On May 26th of 1941, during the meeting concerning the development of new weaponry, Adolf Hitler ordered both Dr.Porsche and Henschel to supply their designs for a heavy tank, which was to be ready in the summer of 1942. Krupp was in charge of supplying main armament and producing turrets for designs by both Henschel and Porsche. The project was known as the "Tigerprogram".
Henschel Tiger’s development was based on previous designs of VK 3001 (H) and VK 3601 (H), while Porsche Tiger’s development was based on previous design of VK 3001 (P) - Leopard. None of those vehicles entered production but they provided designers with valuable experience. The new 45-ton panzer was to be armed with a 88mm KwK L/56 mounted in a turret designed by Krupp. Development of Porsche’s Tiger was progressing much faster than that of Henschel since Porsche worked on an independent project for heavy tank since autumn of 1940. Henschel was not that advanced and utilized as many already available components from its previous projects to complete its VK 4501 design.

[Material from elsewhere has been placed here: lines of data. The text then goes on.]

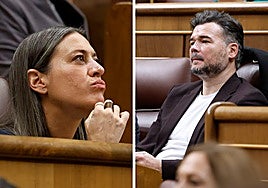 La portavoz de Junts, Míriam Nogueras y el portavoz de ERC Gabriel Rufián.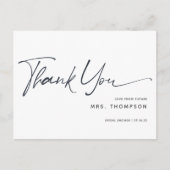 Rustieke moderne script bruiloft feest bedankt briefkaart (Voorkant)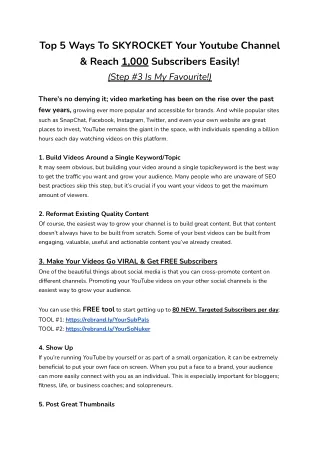 top 5 ways to skyrocket your youtube channel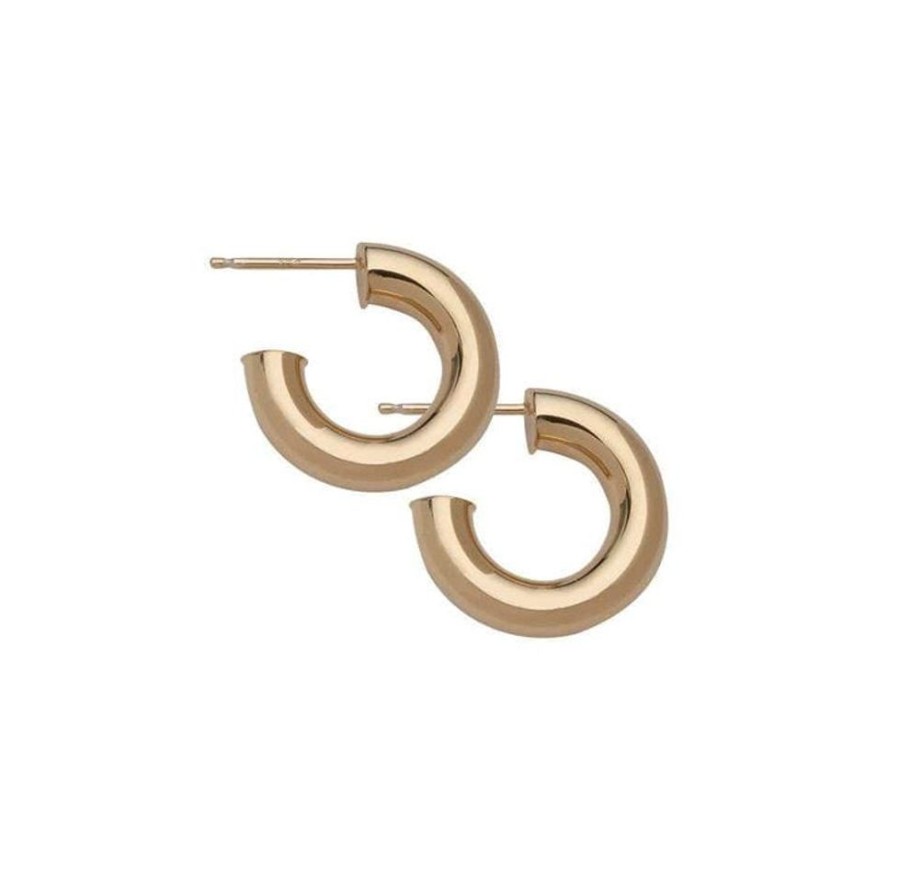 Jewelry + Accessories Jennifer Zeuner Earrings | Lou 3/4" Hoops Gold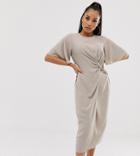 Asos Design Petite Twist Front Midi Dress With Angel Sleeve - Gray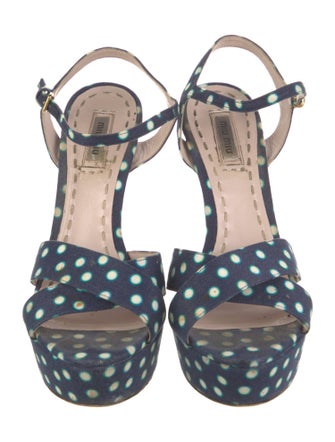 Miu Miu Canvas Polka Dot Print Sandals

In order to speed up the development of VK 4501 (P), components of VK 3001 (P) were modified and used. The suspension was modified version of the suspension used in the VK 3001 (P) prototype. It was made up of six road-wheels and lacked return rollers. Tracks had 109 links per side and were 640mm wide with track surface contact of 4175mm (4.175m). Tiger (P) was powered by two (air-cooled) Porsche Typ 101/1 engines mounted in the rear part of the hull. Gasoline engines drove electrical generators, which drove two electric motors, which provided power to the tracks.Gasoline engines were produced with defects and were repaired but remained unreliable, while electric system used copper, which was a critical war material. Drive sprocket was in the rear instead of the standard location at the front. Electric transmission system was used similar to that of the VK 3001 (P). Overall gasoline-electric power/drive system with which many problems were encountered (such as engine fire) was utilized. Its power/weight distribution limited its cross-country performance and during trials, VK 4501 (P) prototype was often bogged down (especially in the soft ground) and had to be towed away by recovery vehicles.

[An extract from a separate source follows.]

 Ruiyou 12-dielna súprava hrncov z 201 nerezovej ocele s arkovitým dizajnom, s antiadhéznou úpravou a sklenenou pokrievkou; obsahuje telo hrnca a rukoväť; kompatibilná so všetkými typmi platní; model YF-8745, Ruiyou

Both, Henschel and Porsche’s prototypes arrived to a station near Rastenburg on April 19th of 1942 and then traveled 11km to Rastenburg, while constantly breaking down.On April 20th of 1942 at 11:00am, both Porsche and Henschel prototypes were presented to Adolf Hitler (on his birthday) in Wolfschanze (Rastenburg), East Prussia. Tests were scheduled for July and preliminary tests proved that the Tiger (P)’s design was far from being perfect and modifications were made, but none of the technical problems were fully solved from the lack time. Both VK 4501 (P) and VK 4501 (H) were armed with powerful 88mm KwK 36 L/56 gun, developed from 88mm Flak 36 L/56 gun. Originally, Krupp designed and produced the turret for Porsche’s VK 4501, but then it was modified and used by Henschel’s VK 4501. The first eight turrets produced had lower sides and a flat roof with raised centre section to allow the gun to be depressed through larger arc.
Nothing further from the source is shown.